Last time we spent Christmas alone was when DD was a baby and we lived abroad for a year. That was 11 years ago.
Since then DS (now 7) has come along and we’ve spent 10 Christmases with the in laws. DH’s wider family is humongous (they were even in their local paper for being the biggest family in the town 😂) mine is small, dad dead and mum lives abroad, so we’d have my brothers over if we were hosting. But the in laws are always somewhere in the vicinity and there’s normally lots and lots of them.
I get on with them but family issues are teeming. BIL is a violent wanker who thumped his girlfriend in the face last year and everyone downplays it and claims it was self defence except me and DH. He wasn’t there last Christmas but will be there this one. Our nephew is nearly 11 and picks incessantly on my 7yo. Think Dudley Dursley - spoilt, shit at sharing (but expects my kids to share their presents) and a general PITA. MIL is hypercritical of everything except her violent son and is always moaning that my early 20’s nieces are wearing clothes that are too tight/she doesn’t like their piercings/is that ANOTHER tattoo however will you buy a house etc. SIL has 4 dogs who she brings along and they’re allowed to be in the dining room when we eat. They beg and stare while we eat and now and again I find dog hairs in the food. One niece is 13 and is allowed to swear like a sailor which irritates me as my kids inevitably follow. Her mum and dad are very much “cool parents”, she has a belly button piercing and an TikTok account and my DD ends up moaning that we are too strict whenever she’s been around her.
Other than that the ILs are lovely - really we always have a good giggle, lots of love and fun and coziness. Christmases are as lovely as they are irritating.

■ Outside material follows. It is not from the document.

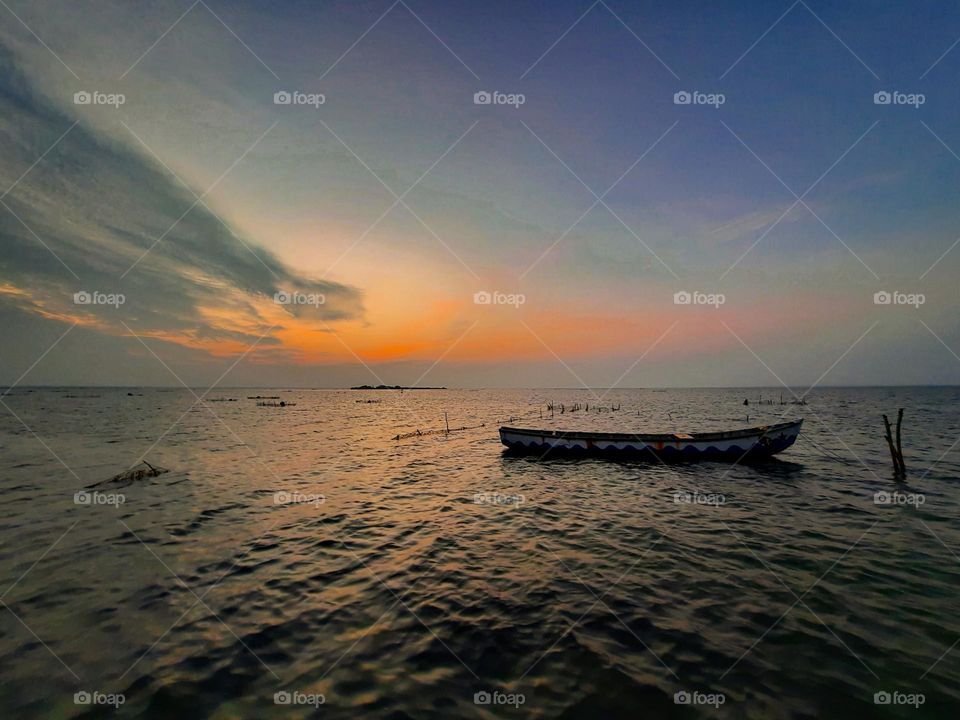 Breathtaking sunset making beautiful colours on sky and lagoon water. Evening time at the northern part of tropical wander, Sri Lanka.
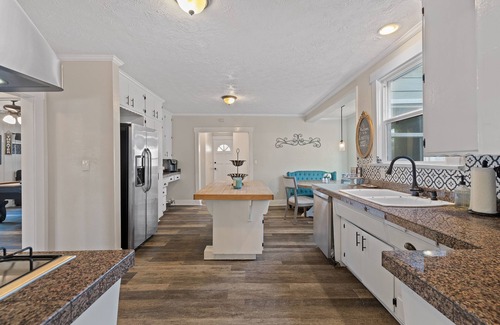 Downtown Riverside Casa | Roaring 20s Vintage Craftsman Home Downtown, Hot Tub, Pool Table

But fuck me I am sick of doing this every bloody year. We do it because we live far away and don’t often see them so feel obliged but I really really want to be at home without visitors this year. My son is getting a Switch which he will want to play on on the TV, he wouldn’t be allowed at ILs as Dudley Dursley always brings his PS5 along and plugs it in to the TV, and goes nuts if anyone tries to remove it. I don’t want my kids being around woman beaters so would hate to be near BIL and would probably tell him to fuck off by 11am. I want a dog hair free dinner with meat that I like (can’t bear turkey). I want to lie about the sofa farting if I want to be in my own home. I want to go for a walk in our home town and listen to the local carollers who gather round the cenotaph (very Dickens I know).
So we made an executive decision and tonight we delivered the news. Well DH did. I hovered and did lots of positive gestures.
It went down like a sack of shit, but we did it. A Christmas just the 4 of us at home doing what we want when we want! I’m so happy! Eggnog is rank but the local overpriced cocktail bar do a cracking eggnog cocktail so let’s pretend we all have one and raise a glass to Christmases without in laws!